El análisis crítico de la obra de Tarcisio es una labor (pendiente) que tiene vastos territorios por descubrir. Pero baste aquí decir que tal vez uno de sus rasgos más notorios es la paradoja. Tarcisio la emplea como un reto juguetón, como la sonrisa ante la sorpresa, como el motivo para no estacionarse. Su propuesta es la de un arte sin concesiones, que tiene algo que decir y lo dice de la manera más descarnada; que sabe enfrentar todos los retos expresivos y solucionarlos con elegancia; que es capaz de sortear todas las oposiciones, malinterpretaciones, críticas sin sustancia, gracias a su contundencia, a su sinceridad y su autenticidad.

 

Eloy cuenta que, cuando decidió que sería artista, su primer mentor, que veía la escasez de recursos del joven aspirante, le recomendó: “ponte un saco, buenos zapatos, que la gente te vea bien vestido, bien peinado.
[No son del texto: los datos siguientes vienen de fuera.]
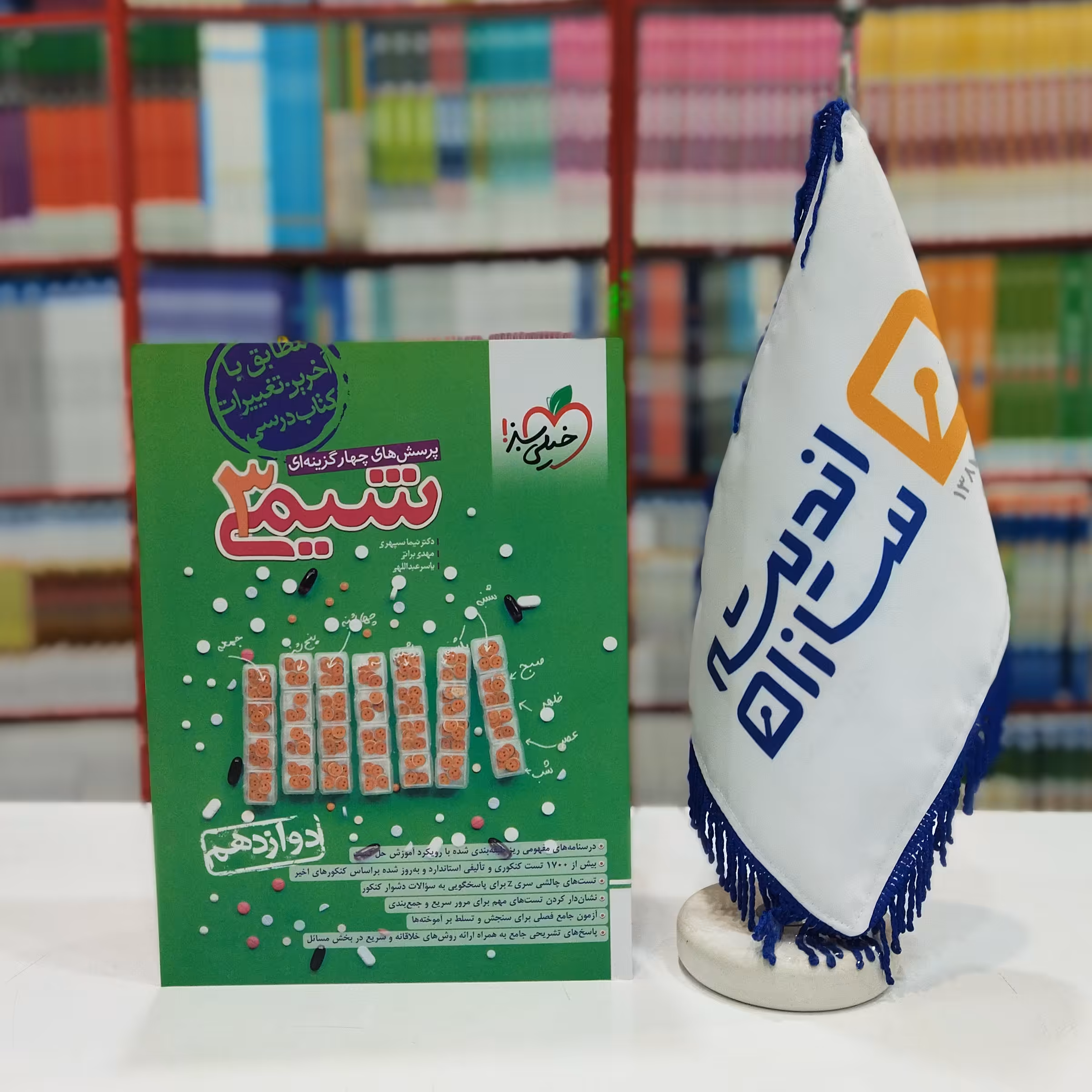 کتاب تست شیمی دوازدهم خیلی سبز ویرایش جدید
Con eso irás a todas partes.” Se trataba, más que de la apariencia en sí, de la importancia de inspirar confianza, demostrar seriedad. Y no debemos olvidar ese aspecto de la personalidad del artista. Inspira seriedad porque lo que tiene por decir es algo serio, es la profundidad de la existencia; y porque su objetivo en el arte está trazado con la claridad nacida de la convicción.

 

  1. La historia sucedió así: En 1988 me encontraba en una búsqueda febril para encontrar un espacio de presentación para una obra de Strindberg llamada Pascua, que había traducido con un amigo sueco, el psicoanalista y profesor Yani William, y que estaba montando junto con un grupo de maravillosos actrices y actores. Las premisas de mi búsqueda eran que no quería que la obra se presentase en un lugar convencional, que por su contenido espiritual cristiano debía ser un lugar antiguo o significativo, y que debido al diseño escenográfico que ideamos Arturo Nava y yo, sería interesante que hubiera una perspectiva no convencional en la arquitectura del edificio  en cuestión. Tras descubrir la iglesia, y pensar que era el lugar ideal para ese montaje, solicité el uso del espacio a diferentes autoridades del entonces DDF, pero no logré mi objetivo.